- Task to complete
In the entries below, find the line containing "Korzyści z „Pieszego", then copy it and every later line exactly, ending with the last line.

[Material for the task Boundary: Start]

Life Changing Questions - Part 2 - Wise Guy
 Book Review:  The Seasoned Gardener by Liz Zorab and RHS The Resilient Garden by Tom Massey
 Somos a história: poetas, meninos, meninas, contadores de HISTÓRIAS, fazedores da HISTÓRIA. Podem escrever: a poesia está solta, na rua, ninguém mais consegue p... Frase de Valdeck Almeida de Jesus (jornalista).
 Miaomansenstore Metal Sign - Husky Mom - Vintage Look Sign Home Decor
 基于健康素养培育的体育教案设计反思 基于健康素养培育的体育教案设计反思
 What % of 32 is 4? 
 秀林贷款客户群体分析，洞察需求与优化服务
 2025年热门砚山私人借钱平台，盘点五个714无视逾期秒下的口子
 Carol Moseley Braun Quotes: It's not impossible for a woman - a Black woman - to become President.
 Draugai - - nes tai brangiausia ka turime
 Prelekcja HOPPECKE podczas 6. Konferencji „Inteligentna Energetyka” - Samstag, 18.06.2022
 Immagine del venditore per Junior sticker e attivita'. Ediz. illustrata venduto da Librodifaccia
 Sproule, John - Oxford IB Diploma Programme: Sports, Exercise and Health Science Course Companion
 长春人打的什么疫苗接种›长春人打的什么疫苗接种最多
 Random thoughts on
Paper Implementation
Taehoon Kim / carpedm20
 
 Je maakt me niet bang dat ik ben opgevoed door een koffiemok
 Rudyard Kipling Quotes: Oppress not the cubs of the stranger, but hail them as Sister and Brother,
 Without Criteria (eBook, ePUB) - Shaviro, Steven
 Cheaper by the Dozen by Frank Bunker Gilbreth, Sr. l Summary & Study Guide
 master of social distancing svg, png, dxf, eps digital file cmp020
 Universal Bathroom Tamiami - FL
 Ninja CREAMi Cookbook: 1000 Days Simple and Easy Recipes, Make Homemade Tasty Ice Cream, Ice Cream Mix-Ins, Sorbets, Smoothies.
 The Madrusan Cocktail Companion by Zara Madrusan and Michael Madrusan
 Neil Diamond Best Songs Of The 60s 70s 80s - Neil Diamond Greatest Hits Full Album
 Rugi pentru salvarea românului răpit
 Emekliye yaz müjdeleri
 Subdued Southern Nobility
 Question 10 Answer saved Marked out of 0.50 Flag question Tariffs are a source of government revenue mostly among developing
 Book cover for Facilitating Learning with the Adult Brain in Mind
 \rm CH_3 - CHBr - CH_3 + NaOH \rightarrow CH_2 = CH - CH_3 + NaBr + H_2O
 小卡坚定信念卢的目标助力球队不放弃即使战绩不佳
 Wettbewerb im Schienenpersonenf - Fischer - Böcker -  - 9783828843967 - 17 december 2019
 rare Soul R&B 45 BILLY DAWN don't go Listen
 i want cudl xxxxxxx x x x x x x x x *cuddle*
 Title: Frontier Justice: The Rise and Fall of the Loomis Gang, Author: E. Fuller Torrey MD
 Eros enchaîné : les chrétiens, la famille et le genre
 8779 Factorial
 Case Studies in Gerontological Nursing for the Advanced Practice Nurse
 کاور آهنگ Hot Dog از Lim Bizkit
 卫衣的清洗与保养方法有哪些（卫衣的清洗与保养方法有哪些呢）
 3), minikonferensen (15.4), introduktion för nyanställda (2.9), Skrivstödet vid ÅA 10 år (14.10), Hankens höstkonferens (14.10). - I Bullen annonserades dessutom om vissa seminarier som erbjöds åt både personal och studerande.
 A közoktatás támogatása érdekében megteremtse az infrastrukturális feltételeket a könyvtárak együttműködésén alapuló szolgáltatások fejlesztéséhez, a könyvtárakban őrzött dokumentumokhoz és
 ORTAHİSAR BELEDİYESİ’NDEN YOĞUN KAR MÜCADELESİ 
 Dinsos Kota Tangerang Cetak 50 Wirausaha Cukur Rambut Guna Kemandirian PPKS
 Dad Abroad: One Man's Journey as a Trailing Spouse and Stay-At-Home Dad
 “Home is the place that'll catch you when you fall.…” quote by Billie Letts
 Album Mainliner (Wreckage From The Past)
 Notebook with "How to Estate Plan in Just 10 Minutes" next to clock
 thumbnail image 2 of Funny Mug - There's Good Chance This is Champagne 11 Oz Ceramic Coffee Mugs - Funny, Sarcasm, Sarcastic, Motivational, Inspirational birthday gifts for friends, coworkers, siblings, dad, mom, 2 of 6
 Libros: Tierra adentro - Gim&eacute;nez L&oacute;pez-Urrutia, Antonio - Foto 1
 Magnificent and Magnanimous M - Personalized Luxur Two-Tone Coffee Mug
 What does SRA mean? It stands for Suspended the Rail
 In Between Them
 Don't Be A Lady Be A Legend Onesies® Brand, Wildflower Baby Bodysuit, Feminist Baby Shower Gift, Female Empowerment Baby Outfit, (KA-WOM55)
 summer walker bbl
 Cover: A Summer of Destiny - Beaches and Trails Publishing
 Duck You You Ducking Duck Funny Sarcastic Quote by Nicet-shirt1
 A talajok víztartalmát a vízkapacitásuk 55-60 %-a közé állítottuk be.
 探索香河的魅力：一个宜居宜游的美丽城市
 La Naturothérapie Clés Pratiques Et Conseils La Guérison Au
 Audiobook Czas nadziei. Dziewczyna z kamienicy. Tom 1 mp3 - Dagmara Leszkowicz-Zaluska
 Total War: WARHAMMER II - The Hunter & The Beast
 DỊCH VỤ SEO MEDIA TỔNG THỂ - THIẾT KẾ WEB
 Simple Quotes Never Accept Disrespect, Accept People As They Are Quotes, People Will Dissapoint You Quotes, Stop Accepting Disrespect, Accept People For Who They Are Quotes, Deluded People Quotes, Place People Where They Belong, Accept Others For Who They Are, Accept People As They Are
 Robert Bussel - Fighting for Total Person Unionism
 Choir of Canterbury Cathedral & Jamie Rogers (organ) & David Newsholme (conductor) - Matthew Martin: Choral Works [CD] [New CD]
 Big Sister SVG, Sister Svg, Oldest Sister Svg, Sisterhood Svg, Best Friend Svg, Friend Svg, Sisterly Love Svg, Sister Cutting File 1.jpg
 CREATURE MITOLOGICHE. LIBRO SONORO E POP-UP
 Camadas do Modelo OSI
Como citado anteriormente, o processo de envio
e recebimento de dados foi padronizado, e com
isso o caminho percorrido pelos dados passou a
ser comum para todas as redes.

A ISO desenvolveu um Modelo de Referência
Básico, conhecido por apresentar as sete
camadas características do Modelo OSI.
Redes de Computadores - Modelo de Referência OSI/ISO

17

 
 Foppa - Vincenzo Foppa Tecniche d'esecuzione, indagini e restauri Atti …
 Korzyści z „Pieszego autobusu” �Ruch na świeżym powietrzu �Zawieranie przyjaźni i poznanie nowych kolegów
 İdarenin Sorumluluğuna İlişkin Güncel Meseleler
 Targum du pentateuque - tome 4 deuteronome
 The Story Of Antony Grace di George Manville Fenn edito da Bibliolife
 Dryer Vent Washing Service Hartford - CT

[Material for the task Boundary: End]

- Solution for this task
 Korzyści z „Pieszego autobusu” �Ruch na świeżym powietrzu �Zawieranie przyjaźni i poznanie nowych kolegów
 İdarenin Sorumluluğuna İlişkin Güncel Meseleler
 Targum du pentateuque - tome 4 deuteronome
 The Story Of Antony Grace di George Manville Fenn edito da Bibliolife
 Dryer Vent Washing Service Hartford - CT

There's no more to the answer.